WHAT IS REQUIRED: Please copy, exactly as they appear below, the lines from the one containing "Bidprentje Jans IJpelaan" through the one containing "Horloge Ronde Drapeau".

Stored entries
-- -- --
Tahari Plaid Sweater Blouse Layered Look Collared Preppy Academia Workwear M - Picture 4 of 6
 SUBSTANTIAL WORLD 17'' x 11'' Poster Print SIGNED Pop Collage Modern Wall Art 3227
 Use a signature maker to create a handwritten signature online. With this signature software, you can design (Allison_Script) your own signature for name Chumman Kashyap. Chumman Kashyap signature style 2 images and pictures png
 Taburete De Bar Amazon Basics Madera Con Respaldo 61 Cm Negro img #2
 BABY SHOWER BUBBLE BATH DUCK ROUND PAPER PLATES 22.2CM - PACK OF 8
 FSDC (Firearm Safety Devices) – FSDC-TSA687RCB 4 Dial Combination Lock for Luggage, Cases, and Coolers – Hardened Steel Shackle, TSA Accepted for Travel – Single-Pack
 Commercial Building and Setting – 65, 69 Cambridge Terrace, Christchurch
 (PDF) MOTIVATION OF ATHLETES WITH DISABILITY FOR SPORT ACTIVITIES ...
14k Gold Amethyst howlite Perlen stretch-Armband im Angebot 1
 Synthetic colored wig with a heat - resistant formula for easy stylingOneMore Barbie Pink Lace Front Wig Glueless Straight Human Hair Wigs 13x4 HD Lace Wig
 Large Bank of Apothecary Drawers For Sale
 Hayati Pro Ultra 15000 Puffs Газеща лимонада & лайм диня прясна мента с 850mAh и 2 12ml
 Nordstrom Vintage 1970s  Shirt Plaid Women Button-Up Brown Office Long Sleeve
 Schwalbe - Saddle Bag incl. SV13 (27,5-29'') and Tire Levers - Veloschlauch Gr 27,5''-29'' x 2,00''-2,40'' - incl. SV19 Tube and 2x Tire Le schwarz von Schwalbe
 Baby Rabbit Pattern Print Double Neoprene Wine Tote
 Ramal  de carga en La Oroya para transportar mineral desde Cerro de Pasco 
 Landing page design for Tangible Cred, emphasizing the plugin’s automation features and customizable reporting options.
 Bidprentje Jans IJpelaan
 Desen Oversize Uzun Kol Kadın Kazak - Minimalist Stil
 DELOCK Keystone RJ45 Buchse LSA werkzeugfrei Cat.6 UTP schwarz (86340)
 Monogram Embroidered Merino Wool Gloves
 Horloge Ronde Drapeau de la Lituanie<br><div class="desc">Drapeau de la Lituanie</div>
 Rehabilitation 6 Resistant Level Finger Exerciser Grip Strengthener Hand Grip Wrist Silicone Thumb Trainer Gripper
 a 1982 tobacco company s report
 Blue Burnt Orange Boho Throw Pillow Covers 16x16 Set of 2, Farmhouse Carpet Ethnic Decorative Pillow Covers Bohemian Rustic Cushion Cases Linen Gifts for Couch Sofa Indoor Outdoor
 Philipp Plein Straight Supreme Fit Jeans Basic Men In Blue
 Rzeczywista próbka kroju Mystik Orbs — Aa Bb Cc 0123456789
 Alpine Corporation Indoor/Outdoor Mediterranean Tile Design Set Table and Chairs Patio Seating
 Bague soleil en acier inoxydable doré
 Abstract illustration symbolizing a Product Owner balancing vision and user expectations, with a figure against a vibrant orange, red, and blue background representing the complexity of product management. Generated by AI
-- -- --
COMPLETED TASK:
 Bidprentje Jans IJpelaan
 Desen Oversize Uzun Kol Kadın Kazak - Minimalist Stil
 DELOCK Keystone RJ45 Buchse LSA werkzeugfrei Cat.6 UTP schwarz (86340)
 Monogram Embroidered Merino Wool Gloves
 Horloge Ronde Drapeau de la Lituanie<br><div class="desc">Drapeau de la Lituanie</div>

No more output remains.